━━━━━ MATERIAL PROVIDED ━━━━━

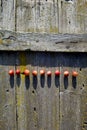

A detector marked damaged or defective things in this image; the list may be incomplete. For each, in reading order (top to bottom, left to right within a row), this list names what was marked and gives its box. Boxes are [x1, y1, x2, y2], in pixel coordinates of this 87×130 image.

splintered wood edge [0, 30, 86, 52]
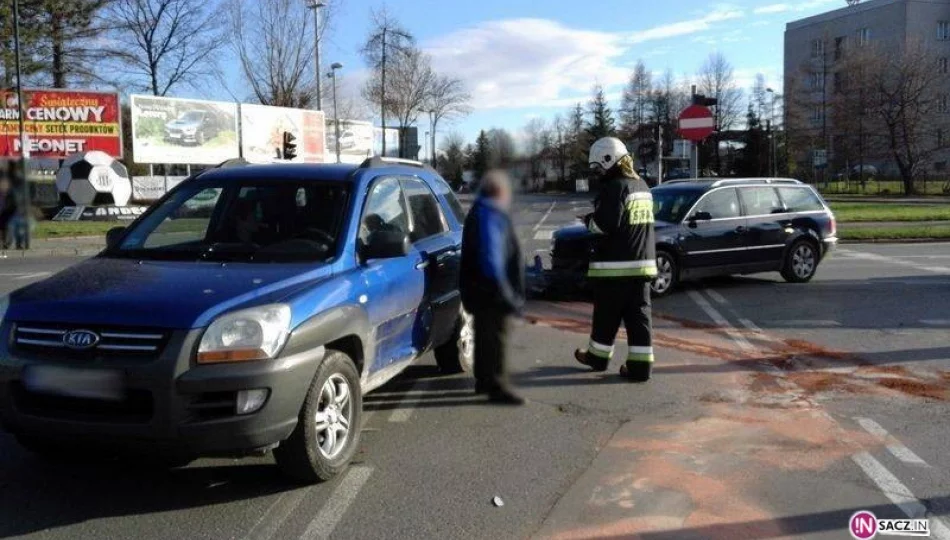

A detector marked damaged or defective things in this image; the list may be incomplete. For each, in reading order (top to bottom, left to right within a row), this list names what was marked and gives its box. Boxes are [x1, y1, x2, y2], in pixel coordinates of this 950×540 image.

damaged blue suv [0, 158, 474, 484]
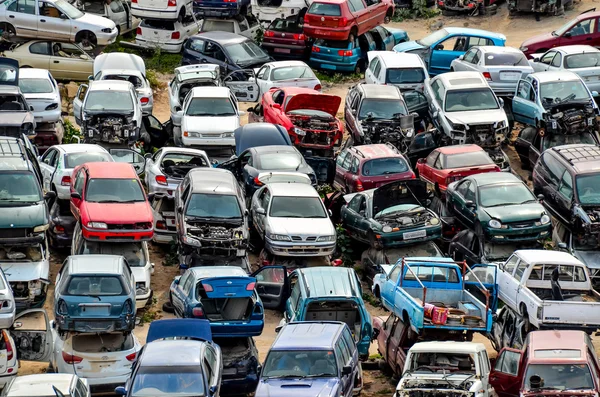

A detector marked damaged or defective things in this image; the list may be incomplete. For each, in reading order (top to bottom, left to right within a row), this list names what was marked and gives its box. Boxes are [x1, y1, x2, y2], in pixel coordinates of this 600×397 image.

wrecked red car [248, 87, 342, 155]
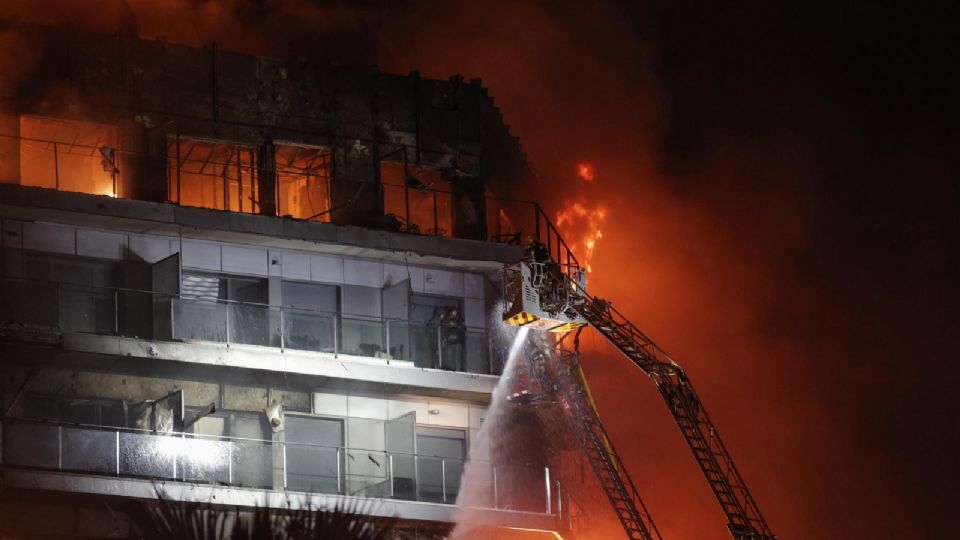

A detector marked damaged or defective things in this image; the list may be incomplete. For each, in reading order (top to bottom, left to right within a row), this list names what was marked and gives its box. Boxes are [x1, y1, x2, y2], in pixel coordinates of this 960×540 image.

scorched building exterior [0, 24, 568, 540]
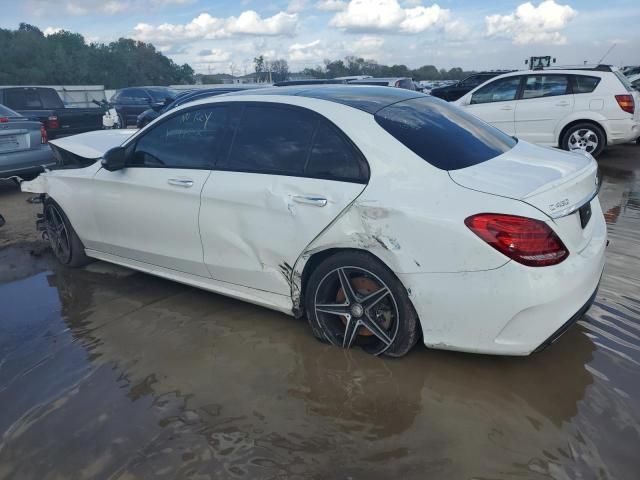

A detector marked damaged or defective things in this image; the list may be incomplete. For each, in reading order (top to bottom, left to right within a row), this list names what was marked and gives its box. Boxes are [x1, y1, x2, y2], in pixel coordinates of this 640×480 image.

damaged tire [43, 198, 91, 266]
damaged tire [304, 251, 420, 356]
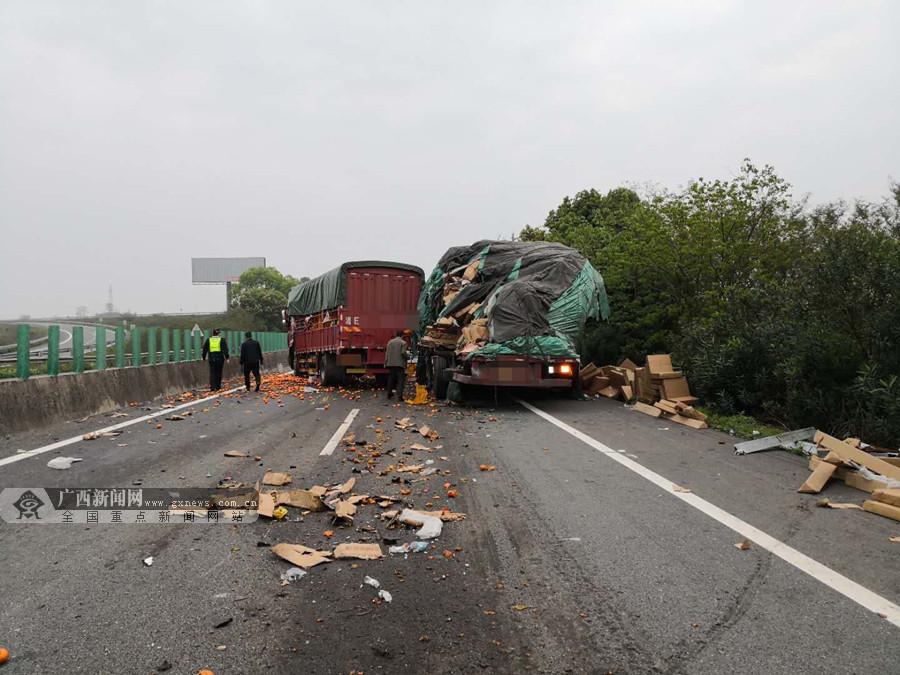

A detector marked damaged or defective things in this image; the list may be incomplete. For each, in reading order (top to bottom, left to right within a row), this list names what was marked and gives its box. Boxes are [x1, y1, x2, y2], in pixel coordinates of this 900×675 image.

damaged red truck [284, 260, 426, 386]
torn packaging material [800, 462, 836, 494]
torn packaging material [860, 500, 900, 524]
torn packaging material [274, 544, 334, 572]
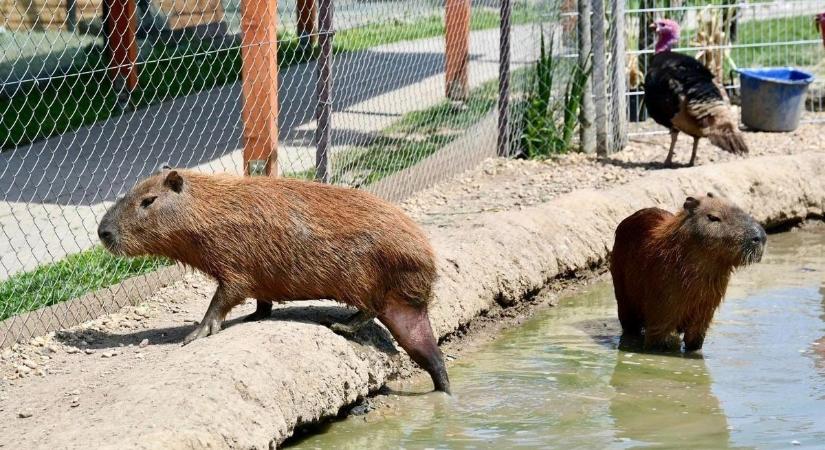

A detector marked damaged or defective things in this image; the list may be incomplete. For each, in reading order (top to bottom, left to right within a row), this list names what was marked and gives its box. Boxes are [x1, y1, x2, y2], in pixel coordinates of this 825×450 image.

rusty metal pole [104, 0, 138, 109]
rusty metal pole [238, 0, 280, 176]
rusty metal pole [298, 0, 318, 49]
rusty metal pole [312, 0, 332, 183]
rusty metal pole [444, 0, 470, 101]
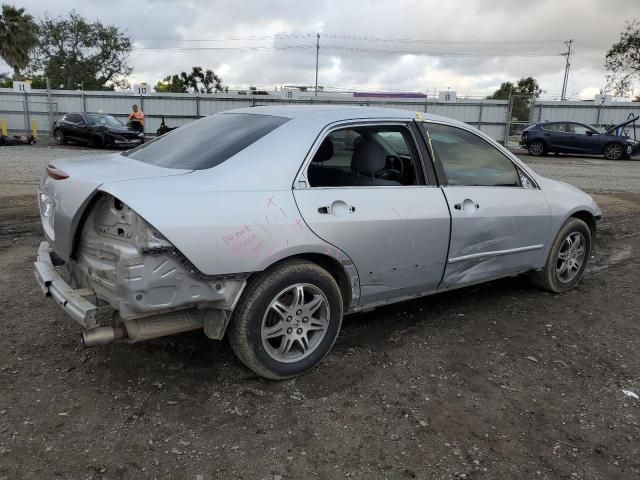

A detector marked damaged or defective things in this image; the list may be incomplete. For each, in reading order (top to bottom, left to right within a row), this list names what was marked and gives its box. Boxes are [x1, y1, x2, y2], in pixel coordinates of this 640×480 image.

━━━━━

# EXERCISE BRIEF:
Please set down each line of the listing above word for word, skipping any pictures.

# OUTPUT BELOW:
A detector marked damaged or defective things in this image; the list may be incomplete. For each, in reading order (top to bottom, left to right within a row), this list names what was marked and gives its box. Boxes are [x1, y1, x2, y2], in pixel coordinates of this 87×130 image.

splintered wood edge [0, 30, 86, 52]

A detector marked damaged or defective things in this image; the list may be incomplete. For each, in reading order (top to bottom, left to right within a row), this list names what was marked and gives its box. Boxes are [x1, y1, x2, y2], in pixel coordinates of this 950×540 image.

damaged blue suv [0, 158, 474, 484]

A detector marked damaged or defective things in this image; the list may be incomplete. For each, in reading order (top to bottom, left to right within a row), this list names what was marked and gives its box. Boxes are [x1, y1, x2, y2], in pixel coordinates of this 600×397 image.

wrecked red car [248, 87, 342, 155]

A detector marked damaged or defective things in this image; the list may be incomplete. For each, in reading order (top to bottom, left to right within a row), this list names what was marked and gives its box. Boxes are [x1, y1, x2, y2], in pixel coordinates of this 960×540 image.

scorched building exterior [0, 24, 568, 540]

A detector marked damaged or defective things in this image; the list may be incomplete. For each, in reading order (top to bottom, left to right within a row), this list names what was marked and gives its box. Boxes are [x1, y1, x2, y2], in pixel coordinates of this 640×480 image.

damaged tire [43, 198, 91, 266]
damaged tire [304, 251, 420, 356]

A detector marked damaged or defective things in this image; the list may be incomplete. For each, in reading order (top to bottom, left to right within a row), this list names what was marked and gives its box. Boxes are [x1, y1, x2, y2], in pixel coordinates of this 900×675 image.

damaged red truck [284, 260, 426, 386]
torn packaging material [800, 462, 836, 494]
torn packaging material [860, 500, 900, 524]
torn packaging material [274, 544, 334, 572]

A detector marked damaged or defective things in this image; the list may be incomplete. For each, in reading order (top to bottom, left to right within a row), this list names what was marked and gives its box. Boxes are [x1, y1, x2, y2], in pixel coordinates of this 825×450 image.

rusty metal pole [104, 0, 138, 109]
rusty metal pole [238, 0, 280, 176]
rusty metal pole [298, 0, 318, 49]
rusty metal pole [312, 0, 332, 183]
rusty metal pole [444, 0, 470, 101]

A detector marked damaged or defective things in this image; the list may be incomplete. For each, in reading order (top to bottom, left to right within a row), this list names what was marked and gives its box. Boxes are [x1, y1, x2, y2], in pixel coordinates of this 640×480 image.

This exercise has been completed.